SAM RAIMI: Un pur enfer

« Drag Me to Hell » est vraiment un film à chier ? dans son froc. Le retour du film d’horreur subtil et bien ficelé devrait réjouir plus d’un-e fan de l’angoisse.

Vous réfléchirez deux fois avant de refuser une rallonge de paiement à une cliente …

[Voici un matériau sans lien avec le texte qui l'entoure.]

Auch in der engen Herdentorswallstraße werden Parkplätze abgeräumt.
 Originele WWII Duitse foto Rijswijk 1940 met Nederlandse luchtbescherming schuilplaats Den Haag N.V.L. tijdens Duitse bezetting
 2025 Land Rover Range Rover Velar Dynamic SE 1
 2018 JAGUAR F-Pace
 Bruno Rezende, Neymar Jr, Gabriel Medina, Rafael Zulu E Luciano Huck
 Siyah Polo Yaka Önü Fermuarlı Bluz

On n’humilie pas quelqu’un qui vous supplie. Quand vous ne pouvez pas accorder ce qu’on vous demande, surtout n’humiliez pas les quémandeurs. C’est pourtant ce que fait Christine Brown, une jeune et belle employée de banque qui s’occupe des prêts et des hypothèques, lorsqu’elle refuse une rallonge de paiement à une vieille femme qui vient de se faire confisquer ses biens. Et c’est sa décision, notez bien, sa décision – car elle aurait aussi bien pu arranger les choses pour la gitane, qui se met à genoux devant son bureau. Mais tout ce que voit Christine, c’est le bureau d’en face. Un bureau vide, un poste à pourvoir donc, qu’elle voudrait bien avoir. Qui ne rêve pas de gravir un petit échelon dans la hiérarchie sociale ? Surtout que la concurrence est rude pour ce poste d’assistant-manager. Et si le chef veut surtout qu’on prenne des décisions fermes, rien de mieux que de se défouler sur ceux qui ne peuvent pas se défendre. C’est la vie, c’est le système et le monde dans lequel on vit, croit savoir Christine. Eh bien, elle s’est trompée.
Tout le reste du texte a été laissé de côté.